Ellos lo matarán (Marcos 9:31b). Para entonces, había una clara oposición de muchos en el liderazgo rabínico con respecto al “nuevo” Mesías. No solo algunos judíos se rebelarían contra Jesús, sino también las autoridades civiles romanas. Está bien documentado que el Sanedrín debía someterse a los romanos en todos los casos de pena capital. Es lamentable que algunos todavía crean que “los judíos” mataron a Yeshua. Sin embargo, es histórico que fue ejecutado en una cruz, algo que ni siquiera formaba parte del sistema judicial judío. Curiosamente, es profético que el Siervo Sufriente sería rechazado por los suyos y entregado a los gentiles para su ejecución final. Tanto judíos como gentiles están representados en Su rechazo para que Él pueda revertir la situación y ser el Redentor de todos (vea comentario sobre Éxodo Bz – Redención).889
A pesar del aparente revés, habría buenas noticias al final de la historia, ya que Cristo promete que al tercer día será resucitado (Mateo 17:23a), y Marcos 9:31c dice pero después de muerto, a los tres días se levantará. A pesar de esta clara declaración, los apóstoles no entendieron. Los judíos en el tiempo de Cristo estaban confundidos acerca de las profecías del TaNaJ concernientes al Mesías. Por un lado, reconocían que el Mesías iba a sufrir, pero, por otro lado, creían que Él gobernaría en poder y gloria. Estas dos líneas de revelación parecían ser contradictorias.
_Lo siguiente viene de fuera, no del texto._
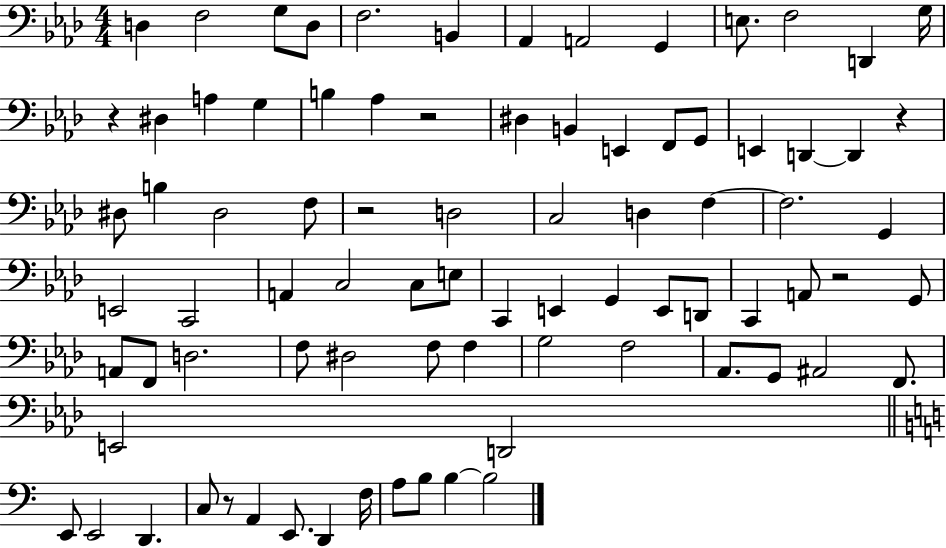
{
  \clef bass
  \numericTimeSignature
  \time 4/4
  \key aes \major
  d4 f2 g8 d8 | f2. b,4 | aes,4 a,2 g,4 | e8. f2 d,4 g16 | \break r4 dis4 a4 g4 | b4 aes4 r2 | dis4 b,4 e,4 f,8 g,8 | e,4 d,4~~ d,4 r4 | \break dis8 b4 dis2 f8 | r2 d2 | c2 d4 f4~~ | f2. g,4 | \break e,2 c,2 | a,4 c2 c8 e8 | c,4 e,4 g,4 e,8 d,8 | c,4 a,8 r2 g,8 | \break a,8 f,8 d2. | f8 dis2 f8 f4 | g2 f2 | aes,8. g,8 ais,2 f,8. | \break e,2 d,2 | \bar "||" \break \key a \minor e,8 e,2 d,4. | c8 r8 a,4 e,8. d,4 f16 | a8 b8 b4~~ b2 | \bar "|."
}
La teología judía buscó armonizar la confusión al enseñar la venida de dos Mesías, uno para sufrir y morir, y el otro para reinar en poder y gloria,(vea Mv – El concepto judío de dos Mesías). Los apóstoles no estaban por encima de aceptar esta teología popular. Cristo había estado hablando de un Reino glorioso en el que gobernaría a Israel. Pedro, Santiago y Juan tuvieron una visión de ese Reino y de la gloria del Señor en esto; así, su atención se centraba en la gloria del reinado del Mesías. Al igual que los demás judíos de su época, no podían imaginar que su amado Maestro tendría que sufrir y morir.890
Y ellos se entristecieron en gran manera (Mateo 17:23b). Incluso los talmidim más cercanos no comprendían cómo encajarían todos estos detalles, y no podían evitar llenarse de tristeza. ¿Por qué el Rey Mesías no podía marchar a Jerusalén y establecer Su trono en sus días? ¿Su temor de preguntarle a Jesús sobre lo que Él había dicho se debía a su temor de afrontar la realidad del sufrimiento que les esperaba? Estaba oculto para ellos, para que no lo comprendieran. Pero ellos no entendían esta palabra, pues les estaba encubierta para que no la entendieran; y temían preguntarle acerca de esta palabra (Marcos 9:32; Lucas 9:45). ¿Acaso el miedo de ellos a preguntarle a Jesús sobre lo que Él había dicho se debía a su miedo a enfrentar la realidad del sufrimiento que les esperaba? ¿O era porque antes, cuando habían preguntado sobre la venida de Elías, no habían entendido la respuesta de Yeshua? ¿O tenían miedo de ser reprendidos como lo había sido Pedro? Pero, cualesquiera que fueran sus razones, tenían miedo de preguntarle a Jesús sobre eso.891 En consecuencia, cuando Su muerte ocurrió, los tomó por sorpresa.